Under third wave feminism, there has been a renaissance in female characterisation in comedy programming. This is exemplified by Armando Iannucci’s Veep (2012–2017) which is a satirical take on the first female Vice President of the USA, Selina Meyer (Julia Louis Dreyfus). Women have historically been relegated to the more passive roles of the “straight man”, “love interest” or “nagging wife” in television comedy, merely facilitating the humour of the male characters. These male characters were permitted to take a more active role, with the agency to monopolise humour by exploring the full spectrum of human flaws. Veep shows Meyer to be narcissistic, incompetent and badly behaved. These characteristics make her at once flawed and nuanced, but most importantly hilarious.
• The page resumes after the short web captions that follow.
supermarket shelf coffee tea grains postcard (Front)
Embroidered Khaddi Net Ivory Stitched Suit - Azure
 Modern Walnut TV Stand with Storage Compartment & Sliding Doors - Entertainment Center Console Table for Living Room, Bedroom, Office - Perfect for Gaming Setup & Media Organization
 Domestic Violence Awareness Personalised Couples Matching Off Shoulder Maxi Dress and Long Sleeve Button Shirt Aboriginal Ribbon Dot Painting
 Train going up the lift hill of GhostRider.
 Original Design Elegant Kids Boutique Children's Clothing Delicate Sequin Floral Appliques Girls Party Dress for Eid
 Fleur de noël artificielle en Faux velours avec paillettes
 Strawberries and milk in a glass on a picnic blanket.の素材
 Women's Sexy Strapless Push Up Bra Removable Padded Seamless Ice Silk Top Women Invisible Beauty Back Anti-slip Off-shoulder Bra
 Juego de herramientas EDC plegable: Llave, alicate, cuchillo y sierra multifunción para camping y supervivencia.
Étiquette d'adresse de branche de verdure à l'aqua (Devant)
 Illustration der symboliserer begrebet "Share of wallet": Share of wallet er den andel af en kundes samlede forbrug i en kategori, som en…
This chapter explores how the scripting, direction, and performances of Selina Meyer in Veep breaks with tradition, through a uniquely subversive blend of masculine crudeness, private and public representations of female sexuality and situational comedy grounded in femininity. It analyses Meyer’s framing as a woman in political power within the tropes and genre of political satire and by doing so, it argues how Meyer represents what Margaret Atwood deemed “Spotty Handed Villainesses”. Like the blood-spotted Lady Macbeth, the prototypical villainess, Meyer’s moral complexity comes from her “bad behaviour” which Atwood saw as a crucial element to storytelling and characterisation. Although bad behaviour has traditionally been the monopoly of men, shows like HBO’s Sex and the City, The Comeback and Girls paved the way in the television landscape for the more complex characterisation of women in Veep. Hou, Stewart and Chabbi emphasise the importance of humour as a powerful vehicle in representing and exploring women’s flaws, experiences and complexities as human beings.